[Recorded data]
▬▬▬
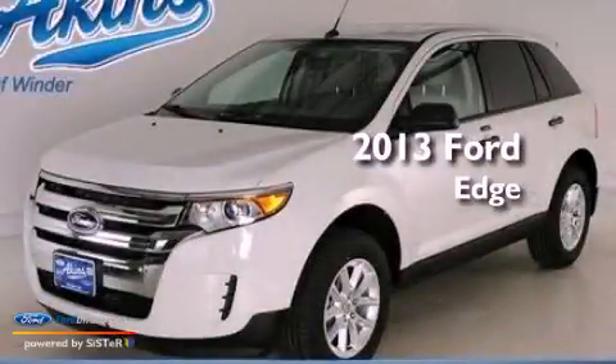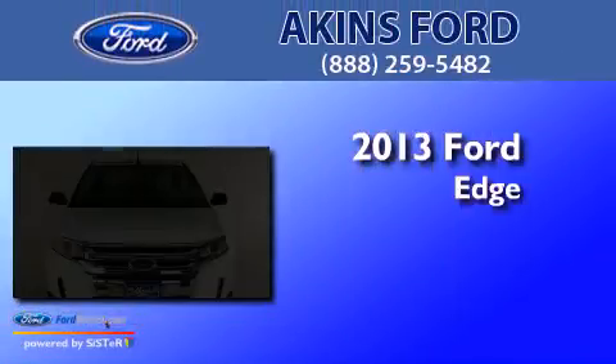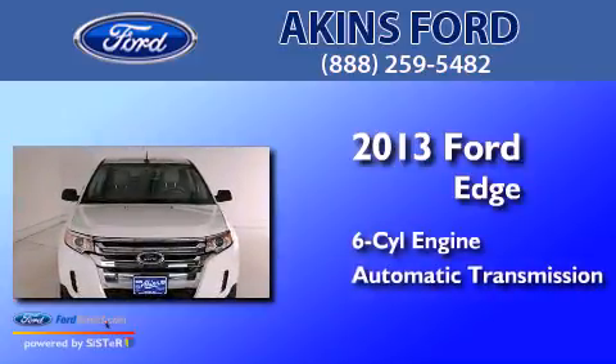This is a brand new 2013 Ford Edge. It features a six-cylinder engine and an automatic transmission.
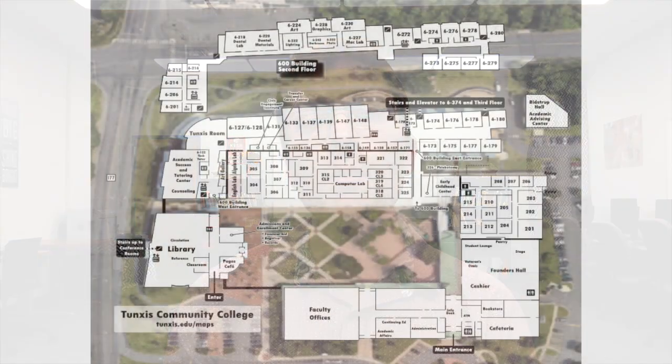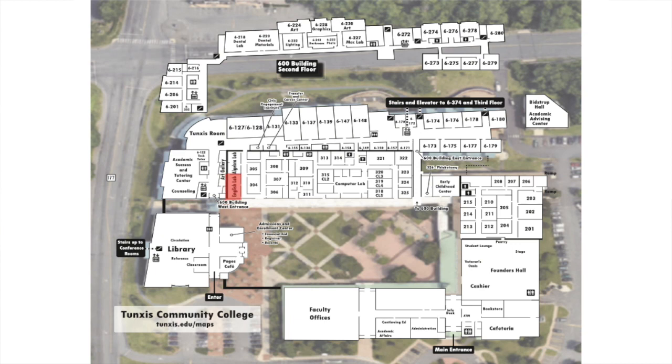The English Lab is located in the 300 building in room 301, which is in close proximity to both the library and the Academic Success and Tutoring Center.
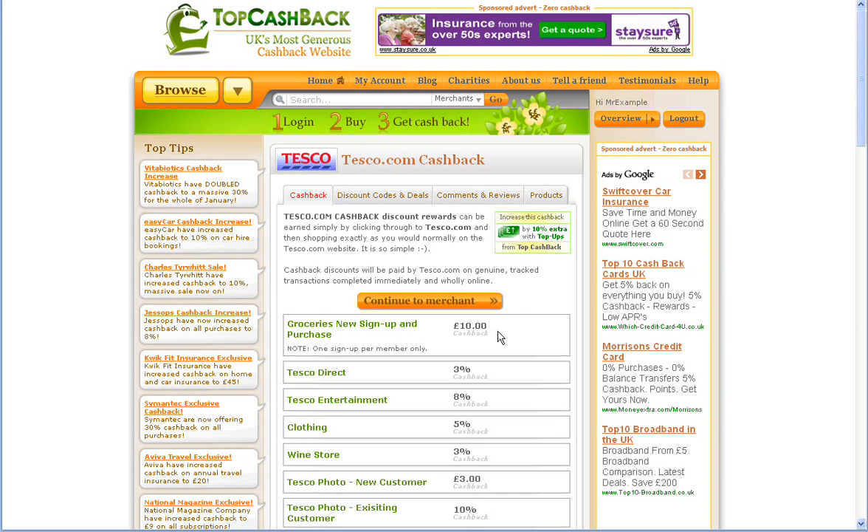With Tesco's you get £10 cashback for any groceries or new sign up and purchase, 3% cashback on any Tesco Direct order that you make, or 8% cashback on any entertainment equipment that you purchase online, and so on down the list.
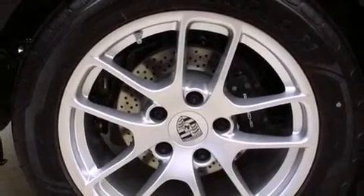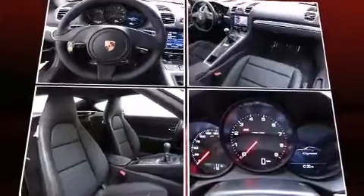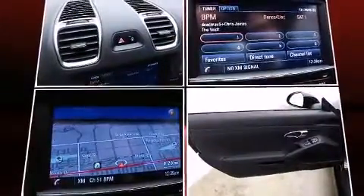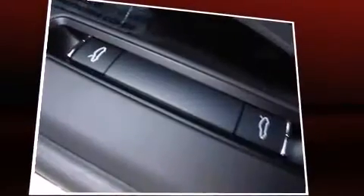Porsche prioritized fit and finish, as evidenced by one-touch window functionality, a leather steering wheel, a built-in garage door transmitter, power front seats, heated door mirrors, and more.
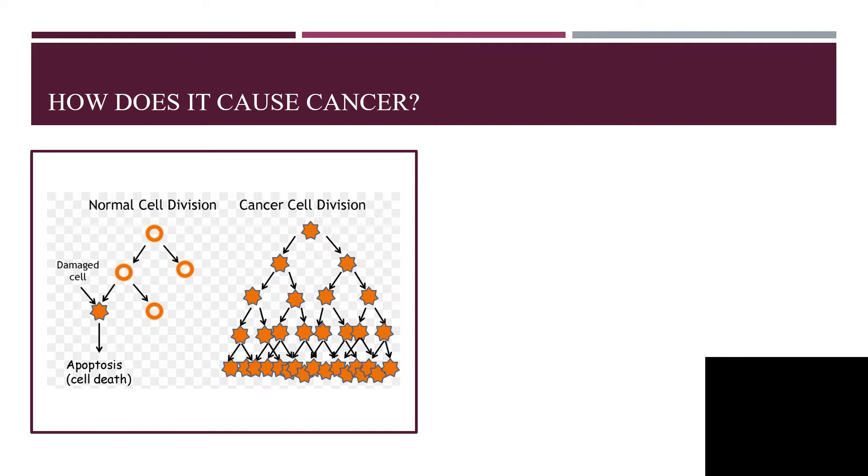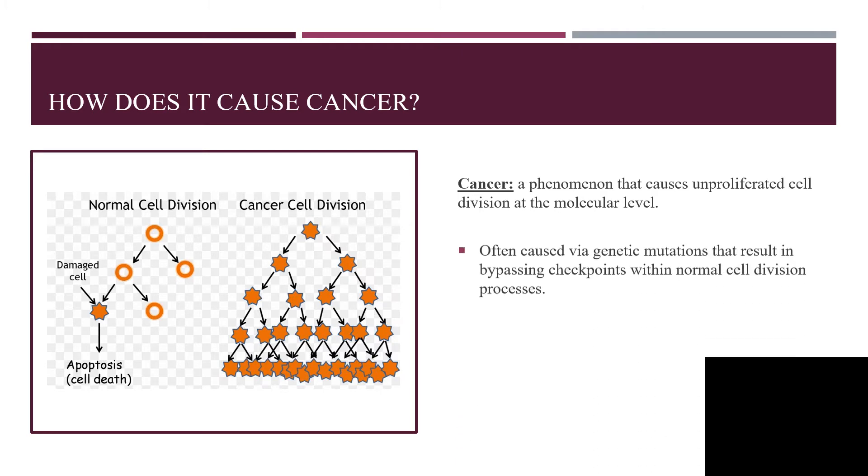You might be wondering how exactly does UV radiation cause cancer? Well first, let's figure out what cancer is, which is a phenomenon that causes uncontrolled cell division at the molecular level. If you look at the left, you can see that if a damaged cell in normal cell division occurs, they undergo apoptosis. But in cancer cell division, they just keep growing, and that's caused by genetic mutations which ultimately result in bypassing checkpoints within normal cell division processes.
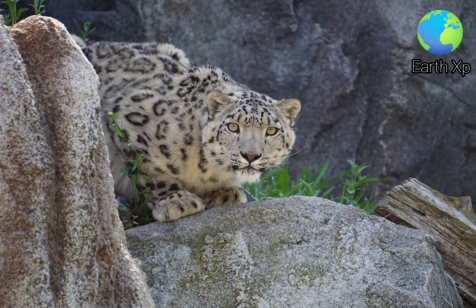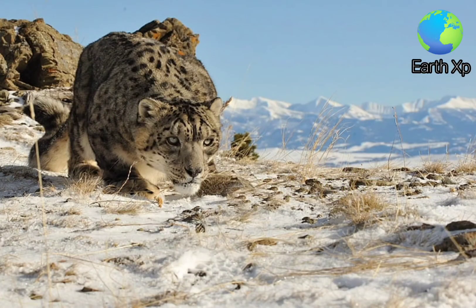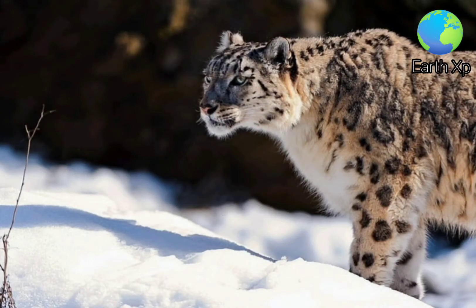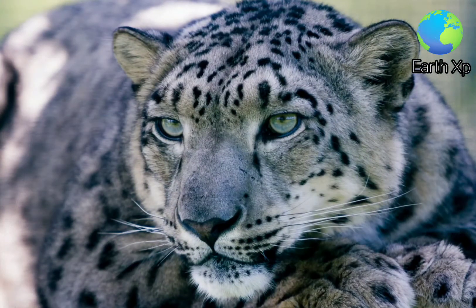It inhabits alpine and subalpine zones at elevations from 3,000 to 4,500 metres, ranging from eastern Afghanistan, the Himalayas and the Tibetan Plateau, to southern Siberia, Mongolia and western China. In the northern part of its range, it also lives at lower elevations.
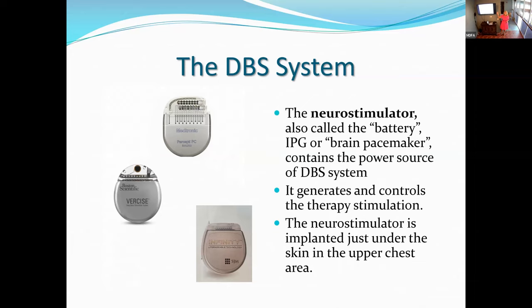The next part of the DBS system — I call it the brains of the operation — is almost like a little mini computer in your chest. It's called the battery, neurostimulator, internal pulse generator, or IPG. This is what we clinicians program: how much electricity to send to the brain, which contacts to activate, how much, how often, and the frequency. It generates and controls the therapy stimulation and is implanted right under the skin of the chest — they don't cut the muscle.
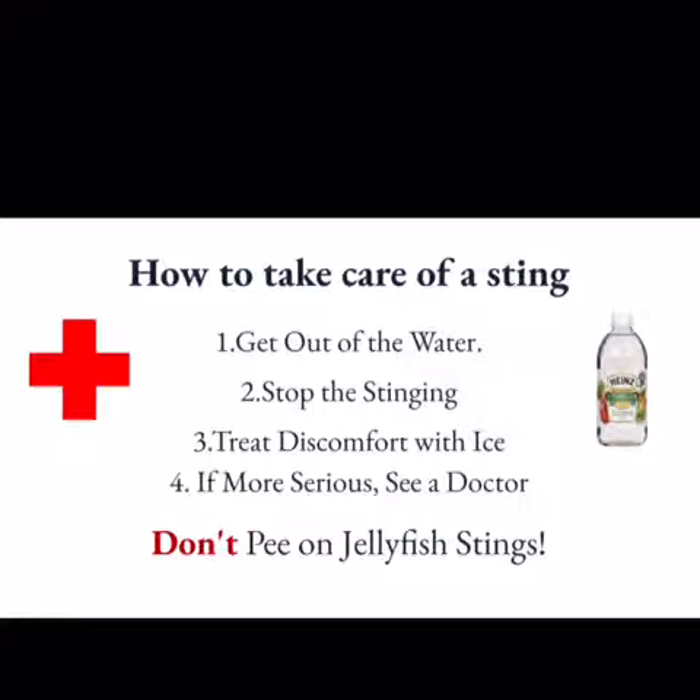Don't pee on jellyfish stings. You've probably heard that you're supposed to pee on a jellyfish sting. Urine does contain urea, which helps with tentacle removal, but your pee is too diluted for it to work as hard as you may think.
▬▬▬
## Required work
The images are to be left out while the entries are written out exactly.

## Task answer
This is a brand new 2013 Ford Edge. It features a six-cylinder engine and an automatic transmission.
The English Lab is located in the 300 building in room 301, which is in close proximity to both the library and the Academic Success and Tutoring Center.
With Tesco's you get £10 cashback for any groceries or new sign up and purchase, 3% cashback on any Tesco Direct order that you make, or 8% cashback on any entertainment equipment that you purchase online, and so on down the list.
Porsche prioritized fit and finish, as evidenced by one-touch window functionality, a leather steering wheel, a built-in garage door transmitter, power front seats, heated door mirrors, and more.
You might be wondering how exactly does UV radiation cause cancer? Well first, let's figure out what cancer is, which is a phenomenon that causes uncontrolled cell division at the molecular level. If you look at the left, you can see that if a damaged cell in normal cell division occurs, they undergo apoptosis. But in cancer cell division, they just keep growing, and that's caused by genetic mutations which ultimately result in bypassing checkpoints within normal cell division processes.
It inhabits alpine and subalpine zones at elevations from 3,000 to 4,500 metres, ranging from eastern Afghanistan, the Himalayas and the Tibetan Plateau, to southern Siberia, Mongolia and western China. In the northern part of its range, it also lives at lower elevations.
The next part of the DBS system — I call it the brains of the operation — is almost like a little mini computer in your chest. It's called the battery, neurostimulator, internal pulse generator, or IPG. This is what we clinicians program: how much electricity to send to the brain, which contacts to activate, how much, how often, and the frequency. It generates and controls the therapy stimulation and is implanted right under the skin of the chest — they don't cut the muscle.
Don't pee on jellyfish stings. You've probably heard that you're supposed to pee on a jellyfish sting. Urine does contain urea, which helps with tentacle removal, but your pee is too diluted for it to work as hard as you may think.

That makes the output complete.